### Instructions to follow:
Please give back each line of the material unchanged, but without the images.

*** Block opens ***

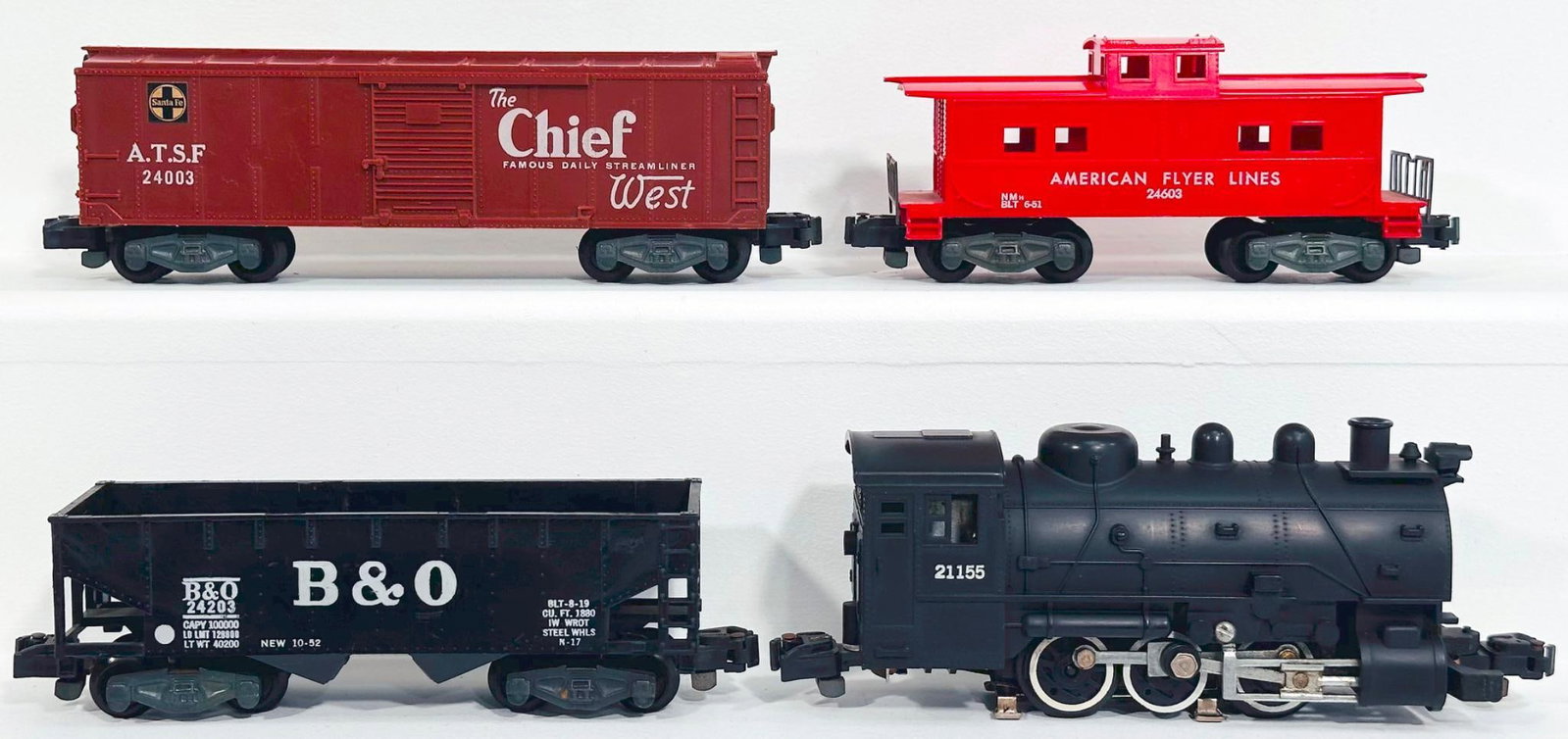 American Flyer Postwar S Gauge 21155 Dockside Switcher - 24203 - 24003 - 24603: American Flyer Postwar S Gauge 21155 Dockside Switcher - 24203 - 24003 - 24603, each in C7 plus or better.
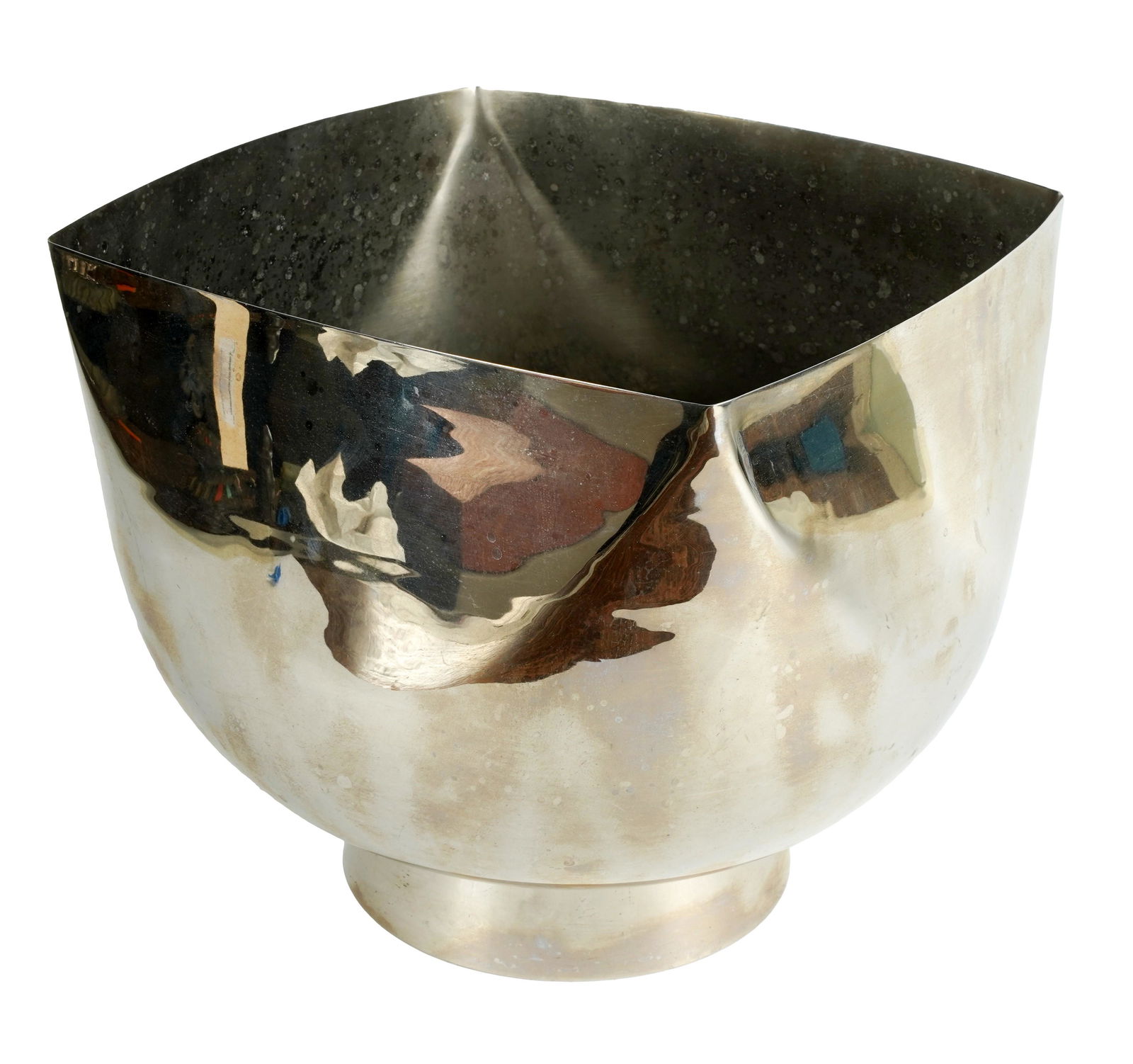 Ward Bennett (American 1917-2003): Silver-plate Center Bowl (1 of 6)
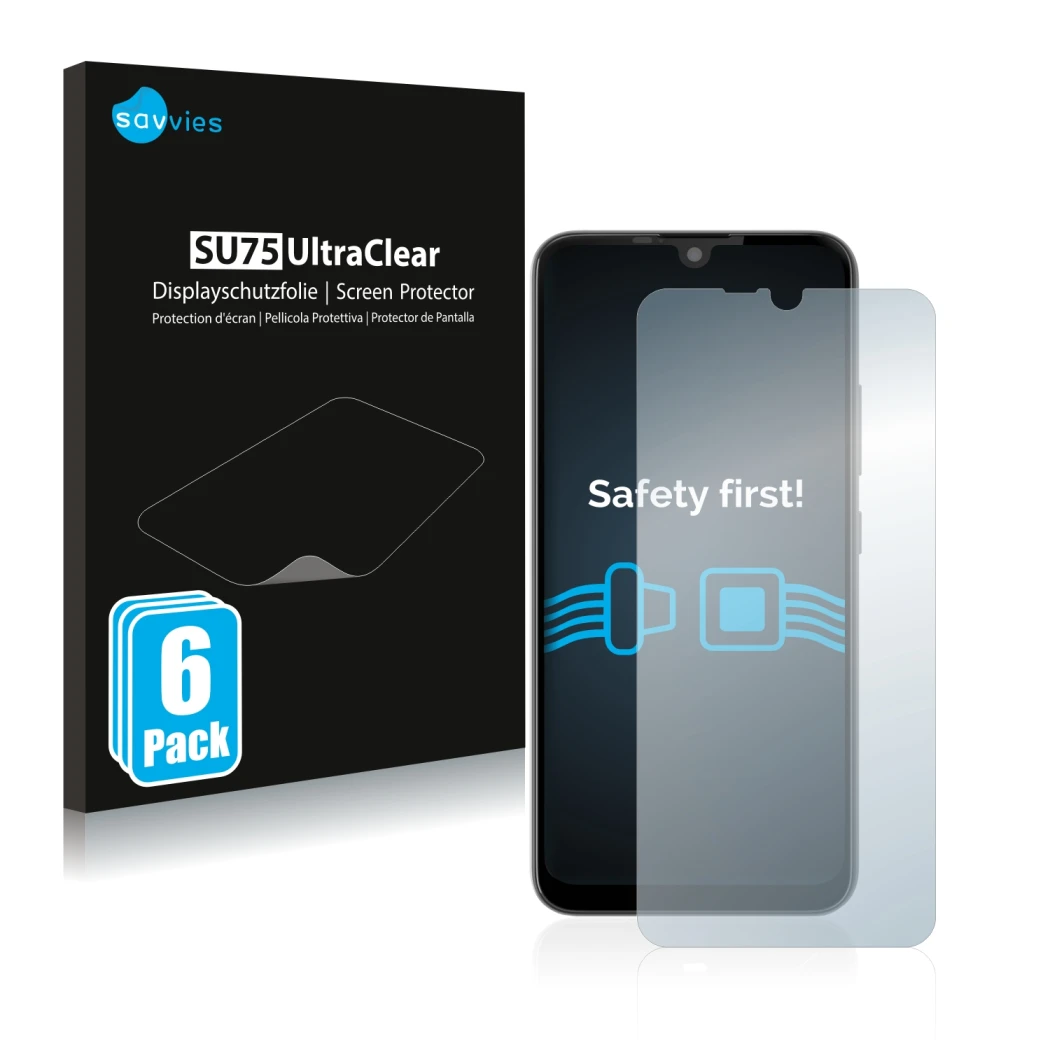 Front side of a product packaging with the brand logo Savvies. Next to it is the device Gigaset GS190 shown with the correspon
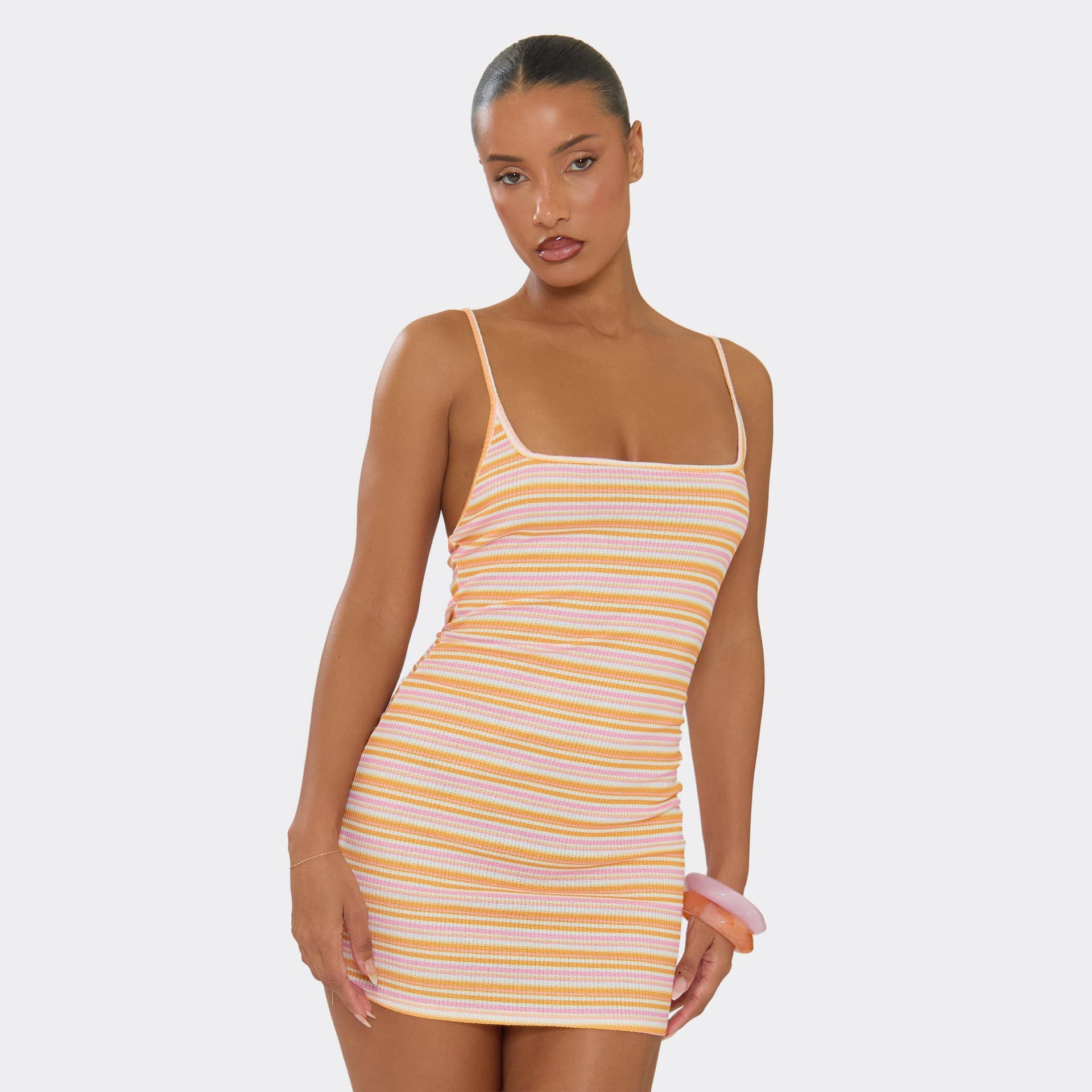 EGO Strappy Mini Dress In Multi Stripe, Women's Size UK 6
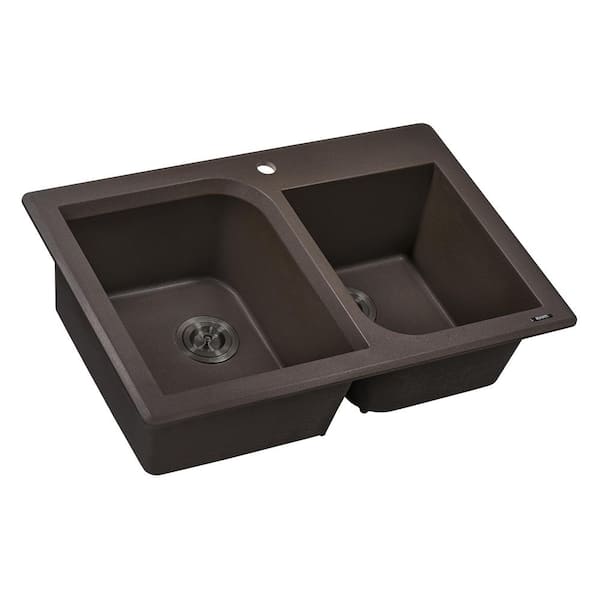 Ruvati epiGranite 33 in. Drop-in Topmount Double Bowl Kitchen Sink in Espresso Brown Granite Composite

*** Block closes ***

### Task response:
 American Flyer Postwar S Gauge 21155 Dockside Switcher - 24203 - 24003 - 24603: American Flyer Postwar S Gauge 21155 Dockside Switcher - 24203 - 24003 - 24603, each in C7 plus or better.
 Ward Bennett (American 1917-2003): Silver-plate Center Bowl (1 of 6)
 Front side of a product packaging with the brand logo Savvies. Next to it is the device Gigaset GS190 shown with the correspon
 EGO Strappy Mini Dress In Multi Stripe, Women's Size UK 6
 Ruvati epiGranite 33 in. Drop-in Topmount Double Bowl Kitchen Sink in Espresso Brown Granite Composite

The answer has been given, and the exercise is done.